As for problem #2, the easiest solution is to describe what he is actually feeling. I don't think it is very easy at all to bring a reader in close to a character without ever telling the reader what they are feeling. Just describing physical reactions and hoping the reader will associate the right emotional response with it can work in some instances, but that in and of itself is going to maintain a wall between the reader and the character.

EDIT: In answer to your last question, and I realize in advance you might not agree, but I think it is in part an overly rigid application of "show don't tell," which actually causes a lot of problems in writing. The problem is two-fold: 1) not every reader is going to read the passage the same (as evidenced here); and 2) not every reader is going to associate the same emotions with the same physical descriptions, so it risks misfiring. If you're trying to bridge an emotional gap between the character and reader, there are times when it is best to maintain it by being very clear and basically "telling" the reader what is going on. 

"Show don't tell" automatically maintains an artificial distance between the reader and character.

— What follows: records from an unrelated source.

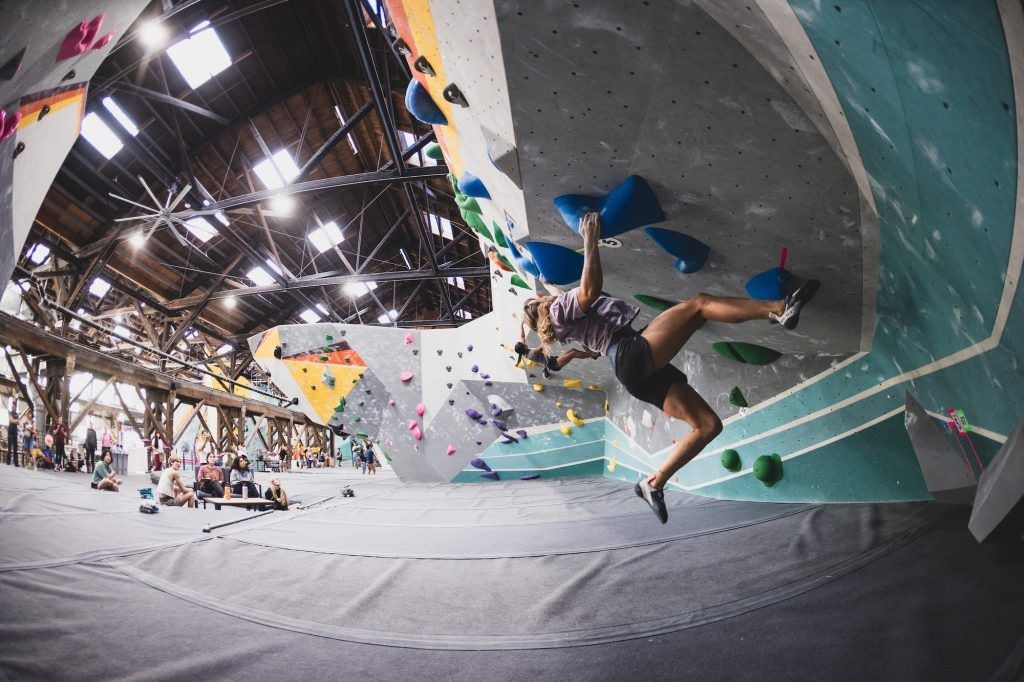 A climber on an angled bouldering wall inside a large warehouse with a high ceiling and skylights.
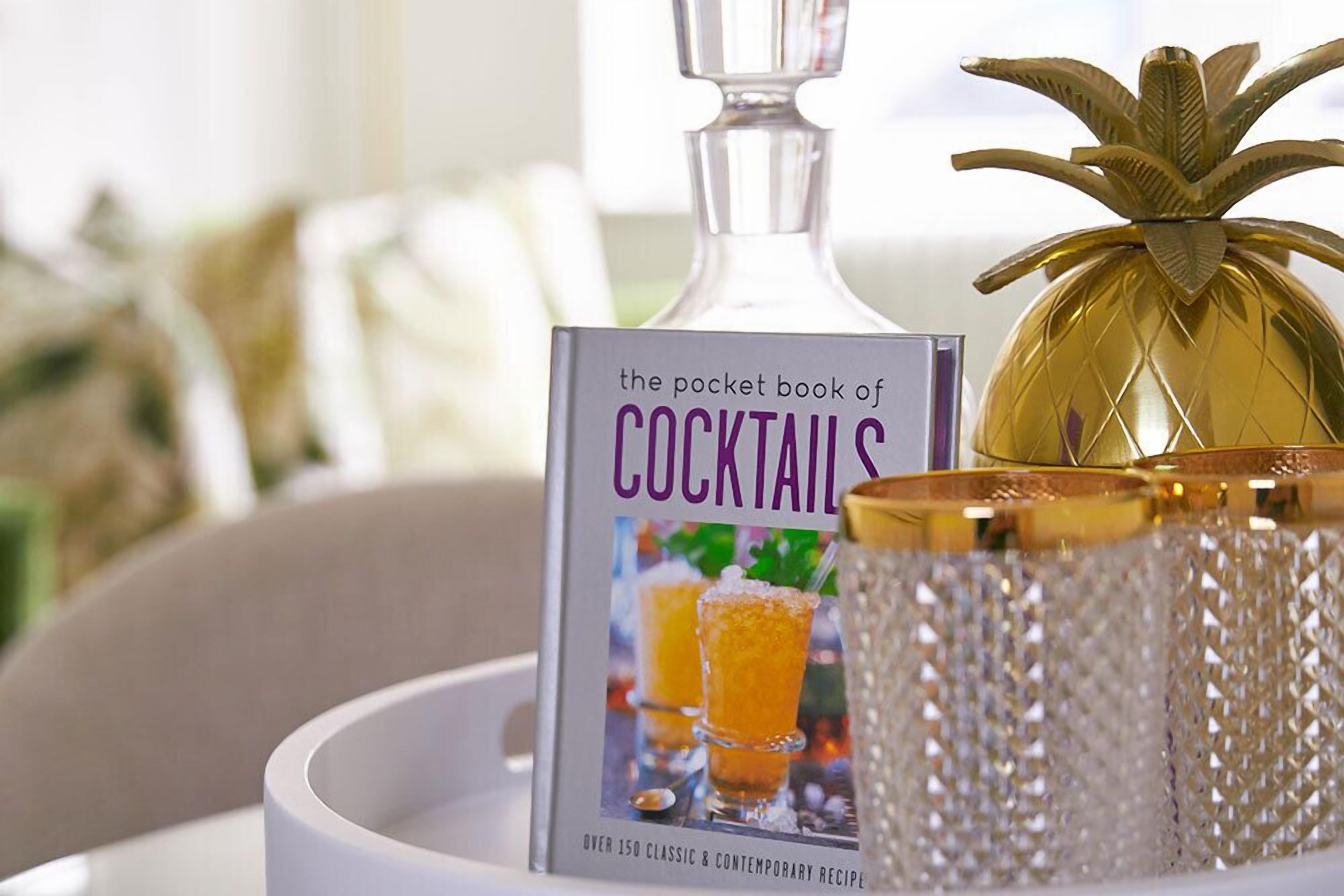 A book titled 'The Pocket Book of Cocktails' on a tray with a decorative pineapple and a glass container.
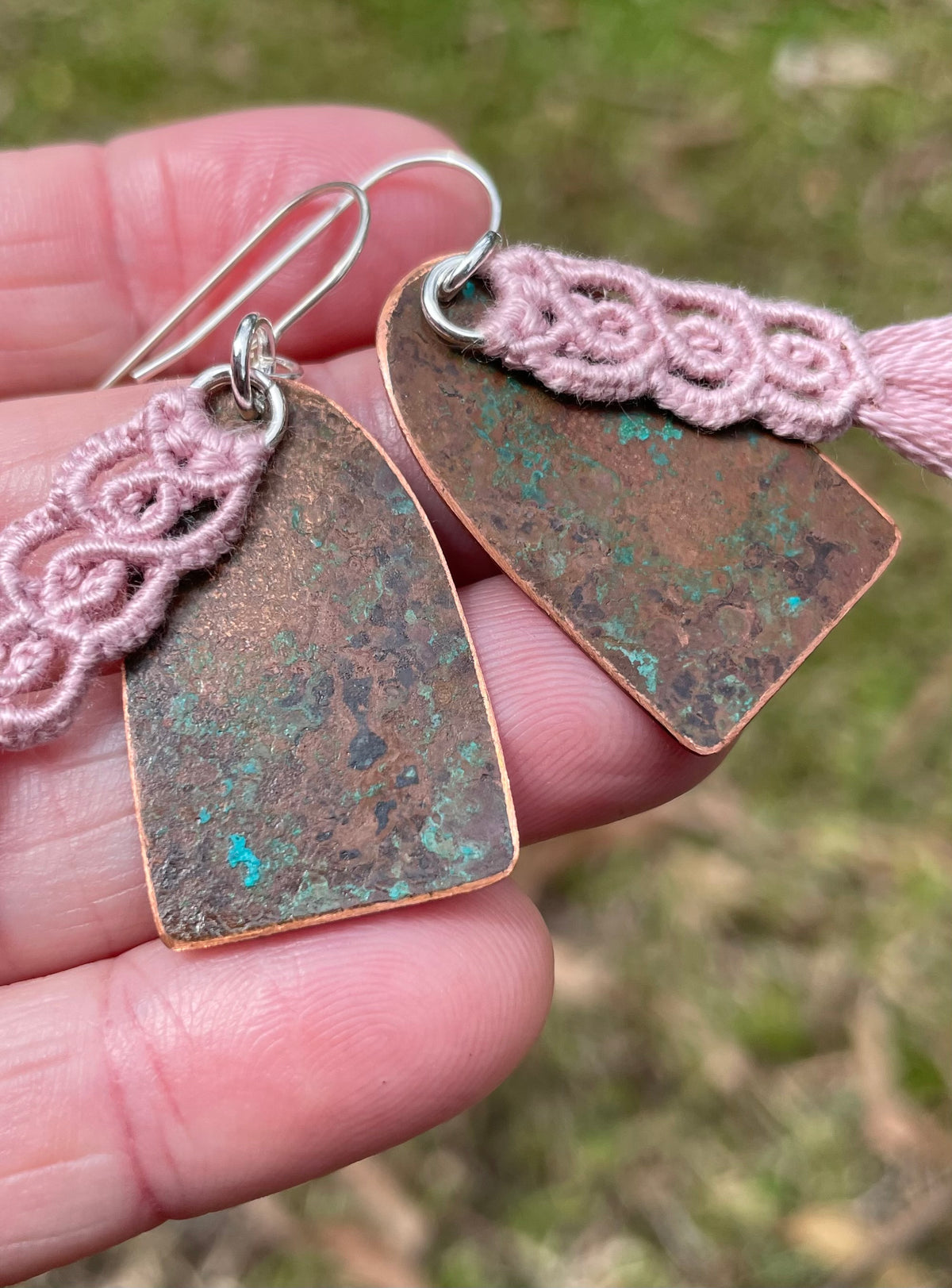 Pink macrame thread on patinated copper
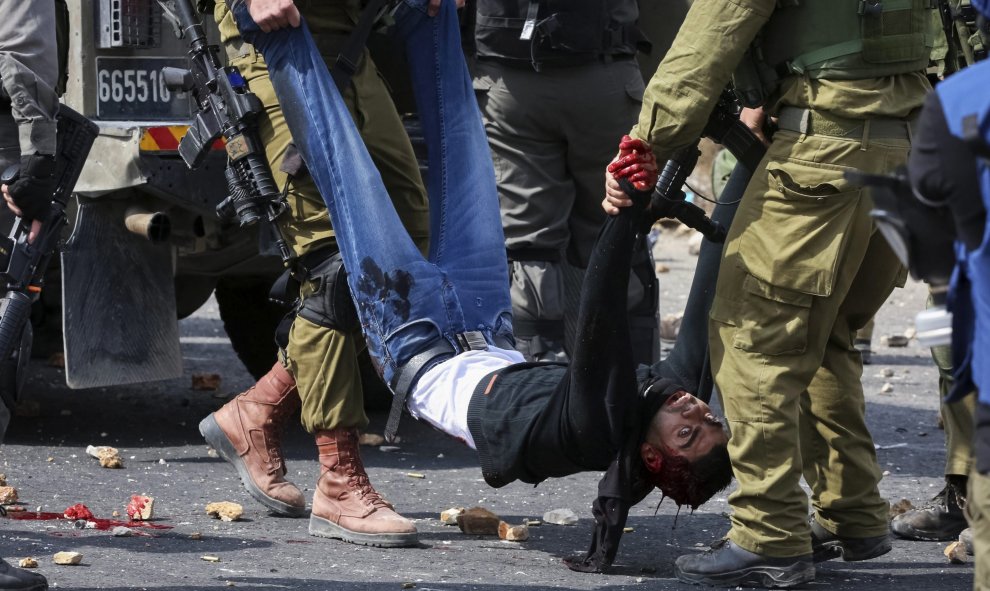 Dos soldados israelíes transportan a un palestino, herido en un enfrentamiento con soldados del Ejército en el puesto militar de Beit El, cerca de Ramala, en el territorio palestino ocupado de Cisjordania, Palestina. EFE/Str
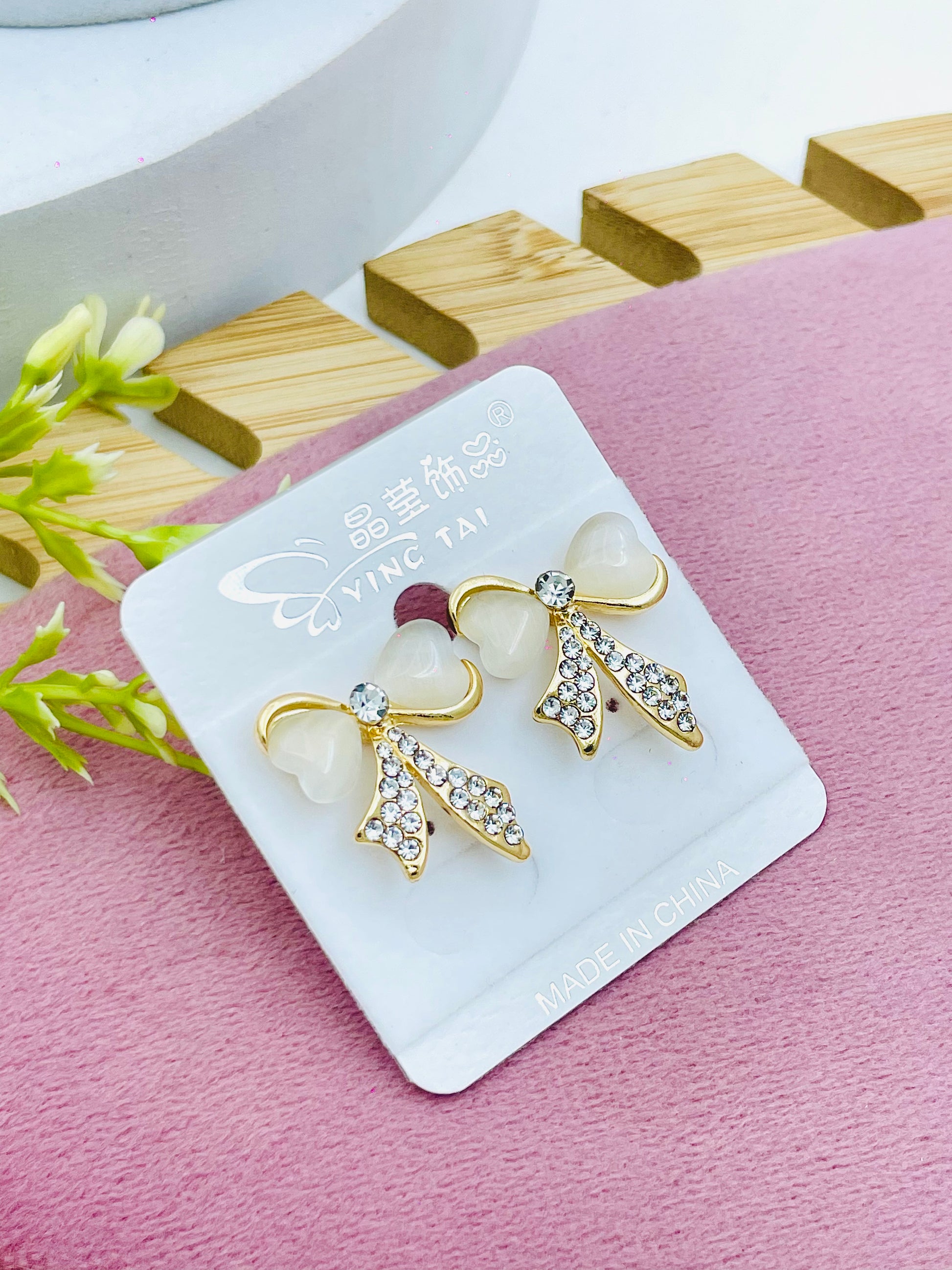 Elegant Crystal Bow Earrings with Heart Detail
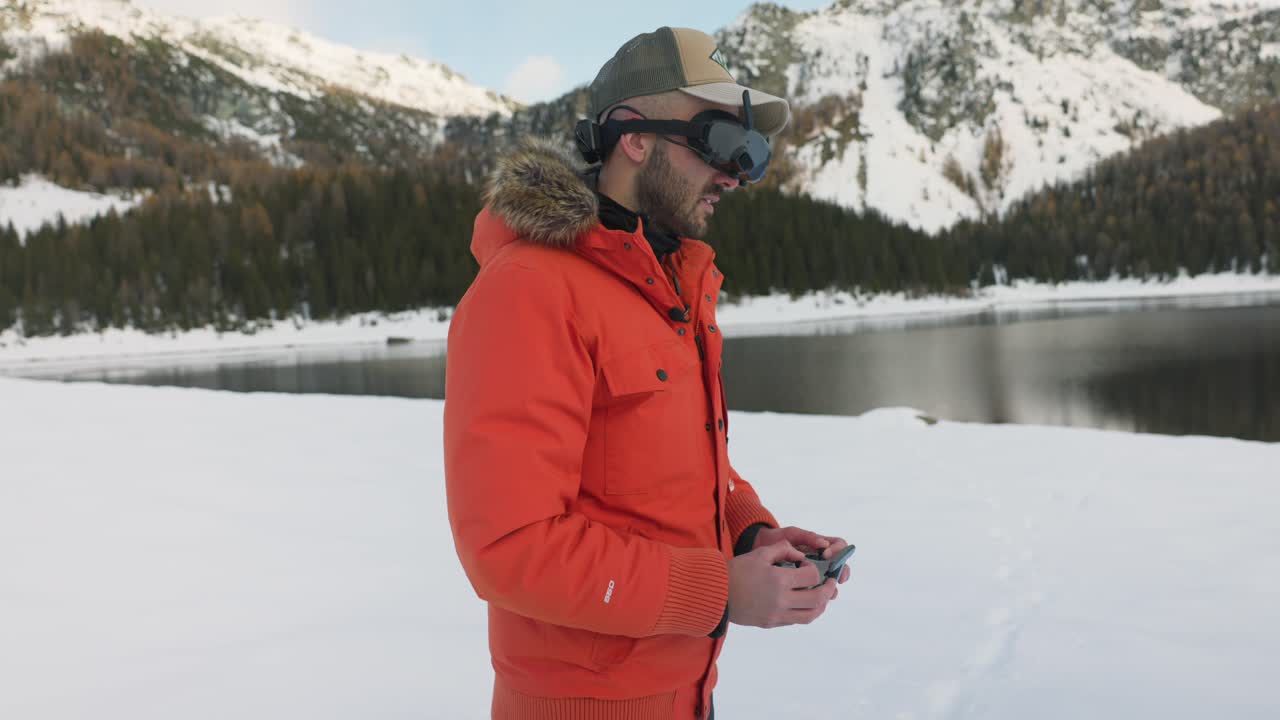 Drone pilot with FPV viewer controlling DJI Avata quadcopter with wireless remote control surrounded by beautiful mountains and snowy landscape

The character knows what he's feeling, but if the author won't let the character tell us, then we're not in his head.


----------



## Devor (May 2, 2013)

Ankari said:


> You can feel your eyes sharpen, widen, narrow, squint, tear, blink, close, open, flutter, and strain.
> 
> Brighten is something seen, not felt.



I don't really disagree, Ankari, but you've still got to focus on the more important things first.  In business class, they used to talk a lot about people who care more about business cards than about the clients, for instance, and I really feel that this is the writing equivalent.  Business cards are wonderful, but worrying about them can become an excuse for not worrying about the things that are really important.  Or it's like a dieter worried about fiber and cholesterol but not about calories (twinky diet, anyone?). 

Focus on your storytelling and on your readers' experience, and you can't go wrong.  It's far more important to make sure your character comes across compellingly than that he comes across tightly - if it really concerns you, you can tighten the POV in a final pass.  But you're worried about too much worrying about that when the problem isn't what's there but what's missing.  Get into your character's head.


----------



## BWFoster78 (May 2, 2013)

> 1 - Give us his thoughts and feelings.
> 2 - Have the character tie it back to what's going on (a mini-sequel in the scene/sequel formula).
> 3 - Have the character characterize what you're focused on and give it tone/voice.



These are good tips.

1. I'm working on including more thoughts and feelings, but I struggle sometimes with the worry that, when I'm not using direct internal monologue, I'm telling too much.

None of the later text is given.